Notch vs. High Pass Filtering???

Discussion in 'Amps and Cabs [BG]' started by jokerjkny, May 9, 2003.

  1. jokerjkny


    Jan 19, 2002
    NY / NJ / PA
    Hey all,

    i saw this as a spec on a particular amp:

    Notch Filter Knob:
    -12 dB sweepable from 30 to 700 Hz

    High Pass Filter Knob:
    -12 dB/octave sweepable from 30 to 700 Hz

    i know that the top spec means this particular knob allows the user to dial out -12 dB of a certain frequency.

    but i'm al litte confused what does the bottom spec refer to? does this mean, it dials out the offending frequency, but then boosts its octave counterpart???

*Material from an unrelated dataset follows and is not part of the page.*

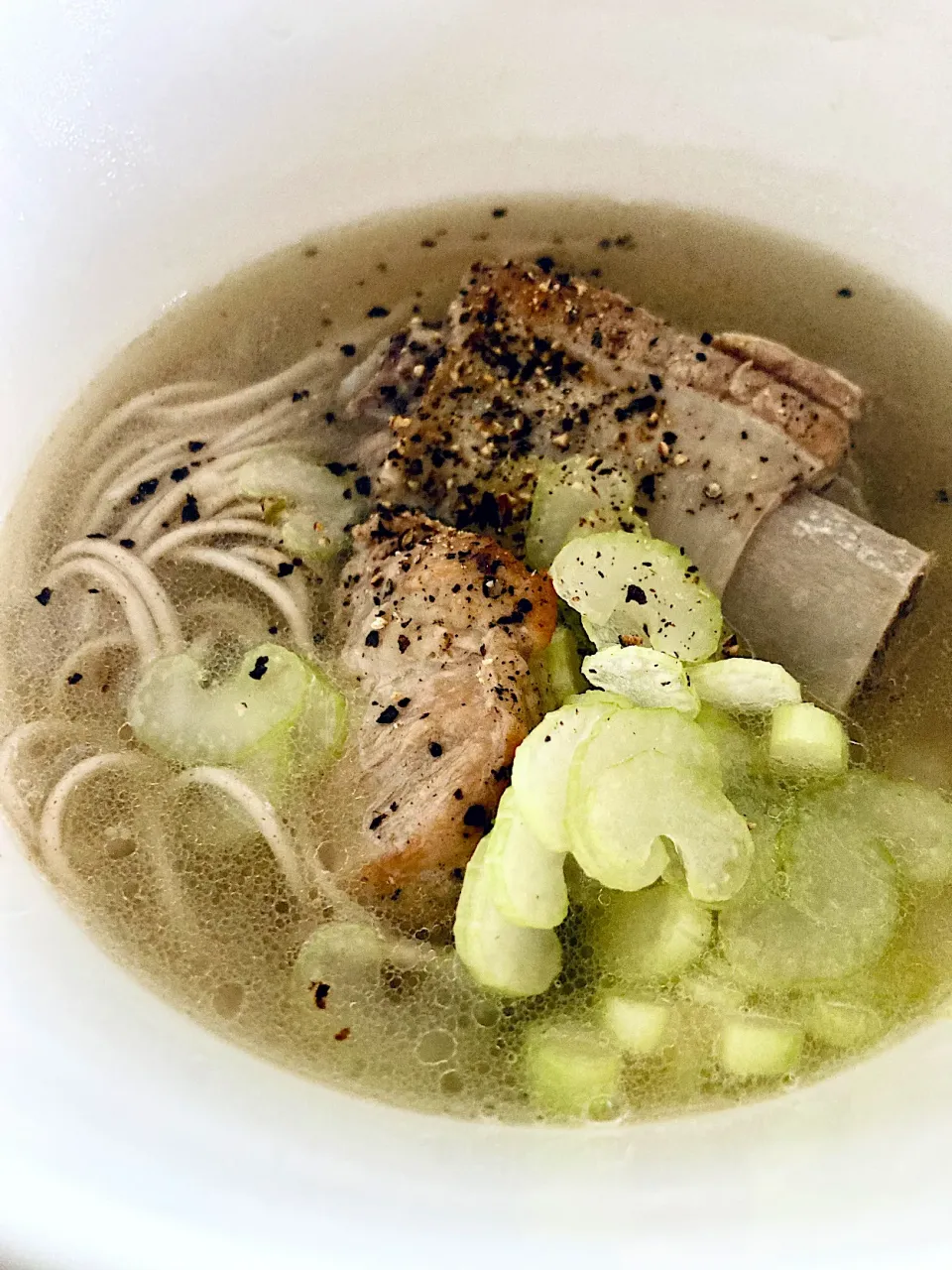 Snapdishの料理写真:レモスコがポイントなソウキソバ風煮麺|GREENさん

    also, which would help in eliminating feedback, and which would help in eliminating boominess?
  2. SuperDuck


    Sep 26, 2000
    The high pass filter control you described will cut the bass from your signal. It will reduce boominess, but will probably make your tone thin as well, depending on how it is set.

    The numbers you posted say that the frequency you cut at is selectable. (This is called the "corner frequency" and is the frequency that is at 3 dB lower than "flat" on the EQ curve.) So, if you have it set at 30 Hz, everything BELOW 30 Hz will be cut from your signal.

    The 12 db/octave is the fixed slope of the cut function. Every doubling of frequency is an octave. Starting at the flat portion of the EQ curve, as you move to the left one octave, the slope will have gone down 12 dB. If you go down another octave, you'll have gone down 24 dB total.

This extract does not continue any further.